Women make up 48 per cent of the workforce yet account for only about 16 per cent of board members of Canada’s FP500 companies.
Studies by Catalyst Canada, Credit Suisse and McKinsey & Company have found that gender diversity in corporate leadership is linked to improved performance on both financial and non-financial measures. Benefits include strong financial performance, heightened innovation and enhanced client insight.

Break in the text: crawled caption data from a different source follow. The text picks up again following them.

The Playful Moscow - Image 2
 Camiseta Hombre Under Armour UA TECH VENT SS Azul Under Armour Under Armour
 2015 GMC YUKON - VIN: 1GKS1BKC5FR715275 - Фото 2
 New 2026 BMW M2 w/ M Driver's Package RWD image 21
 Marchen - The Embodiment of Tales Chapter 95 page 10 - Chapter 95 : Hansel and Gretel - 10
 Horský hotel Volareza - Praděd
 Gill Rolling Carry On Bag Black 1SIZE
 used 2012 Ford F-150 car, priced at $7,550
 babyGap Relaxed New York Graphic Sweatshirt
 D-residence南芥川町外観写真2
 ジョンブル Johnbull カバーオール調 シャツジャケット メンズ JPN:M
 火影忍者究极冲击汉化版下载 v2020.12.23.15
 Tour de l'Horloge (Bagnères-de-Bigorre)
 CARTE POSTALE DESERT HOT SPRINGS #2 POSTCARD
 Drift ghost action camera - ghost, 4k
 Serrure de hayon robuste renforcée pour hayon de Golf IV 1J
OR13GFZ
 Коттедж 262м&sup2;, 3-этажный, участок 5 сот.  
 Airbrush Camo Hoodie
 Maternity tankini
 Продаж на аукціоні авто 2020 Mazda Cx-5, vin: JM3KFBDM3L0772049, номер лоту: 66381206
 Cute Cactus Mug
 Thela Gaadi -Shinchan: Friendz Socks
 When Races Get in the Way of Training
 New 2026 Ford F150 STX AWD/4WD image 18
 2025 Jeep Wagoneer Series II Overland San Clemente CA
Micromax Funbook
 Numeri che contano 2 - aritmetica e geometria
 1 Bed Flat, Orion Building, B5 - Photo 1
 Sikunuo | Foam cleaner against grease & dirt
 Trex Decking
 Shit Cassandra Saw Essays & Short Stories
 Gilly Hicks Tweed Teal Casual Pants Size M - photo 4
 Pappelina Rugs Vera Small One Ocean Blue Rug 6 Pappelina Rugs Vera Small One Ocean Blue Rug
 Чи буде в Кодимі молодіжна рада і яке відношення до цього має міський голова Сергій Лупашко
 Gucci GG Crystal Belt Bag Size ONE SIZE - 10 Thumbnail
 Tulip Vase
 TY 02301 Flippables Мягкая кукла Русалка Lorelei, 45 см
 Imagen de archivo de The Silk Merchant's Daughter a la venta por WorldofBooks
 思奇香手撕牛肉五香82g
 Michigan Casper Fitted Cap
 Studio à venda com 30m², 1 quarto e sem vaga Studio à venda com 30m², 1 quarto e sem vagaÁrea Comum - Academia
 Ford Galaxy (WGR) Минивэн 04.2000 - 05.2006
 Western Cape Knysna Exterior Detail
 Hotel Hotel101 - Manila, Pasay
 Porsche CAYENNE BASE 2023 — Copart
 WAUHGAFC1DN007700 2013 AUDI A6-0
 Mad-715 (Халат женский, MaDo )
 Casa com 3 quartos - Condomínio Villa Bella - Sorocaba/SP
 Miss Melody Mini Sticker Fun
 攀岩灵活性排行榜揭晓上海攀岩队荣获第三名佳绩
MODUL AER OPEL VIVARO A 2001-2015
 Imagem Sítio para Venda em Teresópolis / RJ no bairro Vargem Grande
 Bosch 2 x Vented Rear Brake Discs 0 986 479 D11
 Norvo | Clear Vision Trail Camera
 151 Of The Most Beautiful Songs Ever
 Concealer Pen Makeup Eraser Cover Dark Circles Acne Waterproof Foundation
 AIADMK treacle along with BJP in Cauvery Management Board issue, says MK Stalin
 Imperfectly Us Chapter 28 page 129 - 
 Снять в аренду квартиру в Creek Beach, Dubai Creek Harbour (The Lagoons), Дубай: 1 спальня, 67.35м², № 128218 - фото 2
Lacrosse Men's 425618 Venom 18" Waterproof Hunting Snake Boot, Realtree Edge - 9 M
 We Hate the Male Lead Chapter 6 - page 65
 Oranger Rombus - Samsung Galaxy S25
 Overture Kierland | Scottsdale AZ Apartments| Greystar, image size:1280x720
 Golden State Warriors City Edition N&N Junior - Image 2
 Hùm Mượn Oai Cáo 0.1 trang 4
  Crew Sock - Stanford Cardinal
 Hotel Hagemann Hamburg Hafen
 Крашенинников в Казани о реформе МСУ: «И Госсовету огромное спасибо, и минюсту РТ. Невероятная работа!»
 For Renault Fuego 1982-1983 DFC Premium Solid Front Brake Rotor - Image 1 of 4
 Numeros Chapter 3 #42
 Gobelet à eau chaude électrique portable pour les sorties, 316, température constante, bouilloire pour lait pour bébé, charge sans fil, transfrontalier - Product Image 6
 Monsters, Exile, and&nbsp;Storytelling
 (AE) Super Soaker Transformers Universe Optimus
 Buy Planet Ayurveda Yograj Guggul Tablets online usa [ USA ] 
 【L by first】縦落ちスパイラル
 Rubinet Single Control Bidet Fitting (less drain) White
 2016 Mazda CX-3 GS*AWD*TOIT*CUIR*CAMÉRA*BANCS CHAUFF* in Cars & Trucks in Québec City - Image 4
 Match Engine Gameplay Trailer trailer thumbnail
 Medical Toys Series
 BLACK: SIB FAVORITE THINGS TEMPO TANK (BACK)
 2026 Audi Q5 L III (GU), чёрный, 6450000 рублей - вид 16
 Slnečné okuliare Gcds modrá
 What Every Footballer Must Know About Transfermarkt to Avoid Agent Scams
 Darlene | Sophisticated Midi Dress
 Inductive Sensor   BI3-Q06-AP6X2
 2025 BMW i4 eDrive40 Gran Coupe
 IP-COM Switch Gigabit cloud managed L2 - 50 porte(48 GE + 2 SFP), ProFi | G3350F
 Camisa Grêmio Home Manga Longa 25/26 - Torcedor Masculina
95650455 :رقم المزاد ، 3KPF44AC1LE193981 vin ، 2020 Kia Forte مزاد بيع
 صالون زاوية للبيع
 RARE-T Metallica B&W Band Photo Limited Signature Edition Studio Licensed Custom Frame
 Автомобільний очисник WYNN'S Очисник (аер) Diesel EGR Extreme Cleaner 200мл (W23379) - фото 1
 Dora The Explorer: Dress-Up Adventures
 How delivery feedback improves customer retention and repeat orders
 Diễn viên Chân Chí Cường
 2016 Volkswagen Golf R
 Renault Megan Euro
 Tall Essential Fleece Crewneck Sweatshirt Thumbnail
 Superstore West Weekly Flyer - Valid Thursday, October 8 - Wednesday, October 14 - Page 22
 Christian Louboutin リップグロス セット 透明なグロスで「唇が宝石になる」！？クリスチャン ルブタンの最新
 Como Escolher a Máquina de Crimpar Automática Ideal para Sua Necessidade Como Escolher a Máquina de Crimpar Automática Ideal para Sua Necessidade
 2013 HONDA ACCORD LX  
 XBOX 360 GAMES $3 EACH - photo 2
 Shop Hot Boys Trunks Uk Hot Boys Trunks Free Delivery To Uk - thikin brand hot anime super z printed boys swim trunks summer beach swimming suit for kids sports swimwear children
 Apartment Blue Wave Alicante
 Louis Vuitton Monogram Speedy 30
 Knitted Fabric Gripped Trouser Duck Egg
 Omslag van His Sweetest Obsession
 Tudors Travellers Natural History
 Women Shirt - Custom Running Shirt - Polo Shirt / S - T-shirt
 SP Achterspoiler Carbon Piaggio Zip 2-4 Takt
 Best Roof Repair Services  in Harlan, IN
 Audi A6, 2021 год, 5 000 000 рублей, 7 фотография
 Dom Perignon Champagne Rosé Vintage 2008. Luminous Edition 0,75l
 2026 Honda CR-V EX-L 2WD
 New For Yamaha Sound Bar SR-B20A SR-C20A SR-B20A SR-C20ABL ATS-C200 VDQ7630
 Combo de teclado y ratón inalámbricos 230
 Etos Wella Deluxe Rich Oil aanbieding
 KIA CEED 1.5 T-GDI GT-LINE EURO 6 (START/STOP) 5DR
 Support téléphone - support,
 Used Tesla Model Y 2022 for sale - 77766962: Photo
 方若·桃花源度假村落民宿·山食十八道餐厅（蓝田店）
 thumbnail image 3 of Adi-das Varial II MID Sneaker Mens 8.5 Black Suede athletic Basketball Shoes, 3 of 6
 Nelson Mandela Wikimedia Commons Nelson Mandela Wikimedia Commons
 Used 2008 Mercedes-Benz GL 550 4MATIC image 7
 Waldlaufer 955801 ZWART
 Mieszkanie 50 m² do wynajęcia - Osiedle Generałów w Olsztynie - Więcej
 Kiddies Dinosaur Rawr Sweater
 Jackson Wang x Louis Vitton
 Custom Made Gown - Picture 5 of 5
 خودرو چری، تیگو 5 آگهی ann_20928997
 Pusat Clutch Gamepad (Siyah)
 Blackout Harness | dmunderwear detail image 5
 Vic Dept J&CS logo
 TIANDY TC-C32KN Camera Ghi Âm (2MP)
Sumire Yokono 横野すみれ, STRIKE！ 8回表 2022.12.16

Read the OSC’s report on Disclosure of Corporate Governance Practices
Learn about the Ontario Securities Commission
Read the Business Case for Women on Boards


"Enhancing gender representation on companies’ boards and in senior management teams will not only make corporations more productive, it will also help attract new investment and grow our economy. Greater gender diversity on corporate boards will contribute to a stronger Ontario economy."
— Charles Sousa, Minister of Finance

"Increasing the number of women in corporate leadership is good for the economy and good for business. Helping women reach their full potential by supporting women in leadership is part of this government’s commitment to creating a strong and fair Ontario and is a critical step towards achieving gender equality across all sectors."
— Tracy MacCharles, Minister Responsible for Women’s Issues

"We are delighted that these regulations are now law, and we commend the provincial government for helping put the issue on the front burner. These requirements will push more companies to have the conversations they should be having around board and executive committee diversity and, hopefully, their talent development. Businesses need to tap the full pool of smart, talented people to stay competitive and strengthen our country’s economic future."